Davutoğlu’nun yutamayacağı lokma!

AKP’nin başına tayin edildiği andan itibaren, “Milletin hakkına uzanacak eli kardeşimizin eli de olsa koparırız” diyen Başbakan Ahmet Davutoğlu, hızını alamamış, “Yolsuzluklara karşı en çetin mücadeleyi AK Parti vermiştir” bile diyebilmişti.

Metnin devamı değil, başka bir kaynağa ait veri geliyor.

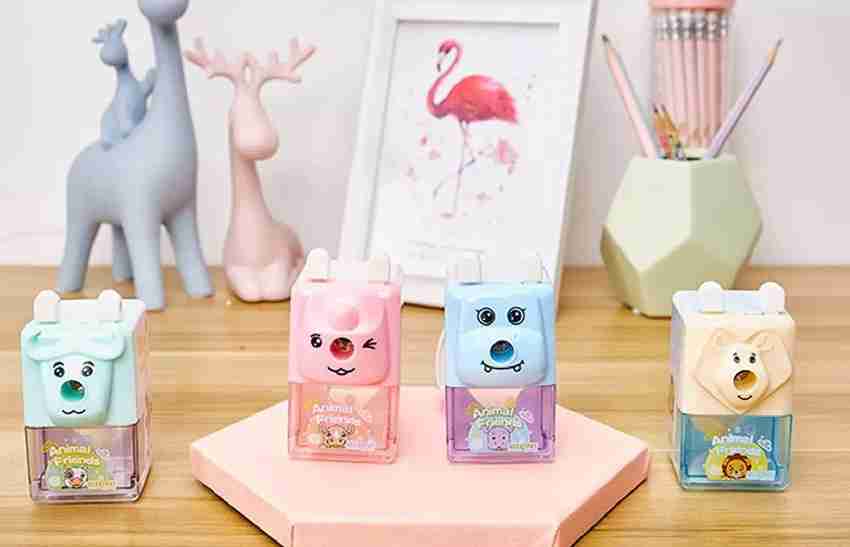 Animal pencil 2025 sharpener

Biz o gün Davutoğlu’nu dinlerken, herhalde demiştik, bakan mahdumlarının evlerinde bir römork dolusu içi ABD doları ve Euro dolu kasalardan, AKP iktidarının “Milli Kahraman” ilan ettiği AKP hükümeti bakanlarının, “Senin önüne yatarım” dediği, MİT’in, o günün Başbakanı Erdoğan’ı bütün bu olup bitenlerden altı ay önce haberdar ettiği ve fakat hiçbir işlem yapılmadığı söylenip duran Rıza Sarraf’la ilgili gizli ilişkilerden de, ayakkabı kutularından da hiç ama hiç haberi olmadığı hissine kapılmıştık.
AKP’yi yolsuzlukla çetin mücadele etmiş bir parti olarak devraldığını söyleyen Davutoğlu’nun mahkeme yasağı ile koruma altına alınan Deniz Feneri’nin Almanya ayağından ve bu kirli ilişkileri meydana çıkartan hakim ve savcıların başlarına gelenlerden de haberi olmadığını düşünmeye başlamıştık..

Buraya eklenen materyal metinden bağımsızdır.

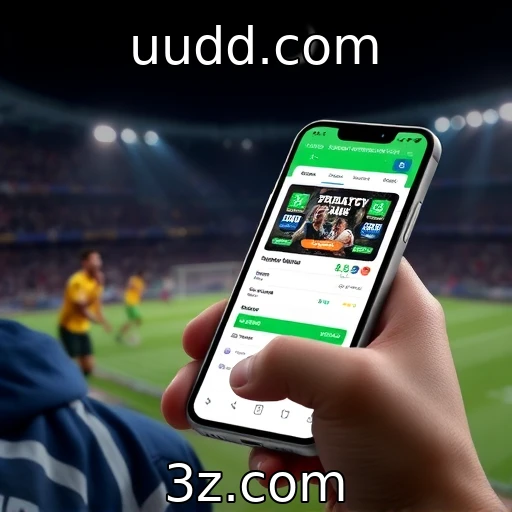 uudd.com Apostas esportivas: estratégias eficazes para aumentar suas chances de ganhar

Amma, Davutoğlu’nun artık mazereti yok.
Türkiye’yi o yönetiyor.
Ve yönettiği Türkiye’de daha dün sabah, yani Davutoğlu’nun Türk milletine yolsuzlukla mücadele sözü verdiği hükümet programının kaleme alındığı günün ertesi sabahı İçişleri ve Adalet Bakanlığı Türk ve dünya tarihinin en büyük yolsuzluğunu ortaya çıkartan polisleri bir bir gözaltına almaya başlayıverdi.
Bu ne perhiz, bu ne lahana turşusu diyeceğiz amma, işin espri götürür yanı kalmadı.
Çünkü işin içinde artık yabancı istihbarat servisleri de var. Türkiye’yi Almanya dinlemiş, CIA dinlemiş ve başta Davutoğlu ve Erdoğan olmak üzere hiçbir yetkili bu düşmanca, bu Türkiye’yi hedefe koyan dinlemelere siyasi bir karşılık vermedi, veremiyor. Hatta İçişleri Bakanı Efkan Ala, “Dinleme olabilir, amma bunun kamuoyu tarafından bilinmesi normal değil” anlamında sözler söyleyebiliyor.
Bütün dünya Türkiye’nin bu kabullenmişliğini, ülkeyi yönetenlerin bu dinlemelere takılma ihtimali olan yolsuzluklar yüzünden olduğunu yazıyor, çiziyor, yabancı basın bu konuda yorumlar yapıyor.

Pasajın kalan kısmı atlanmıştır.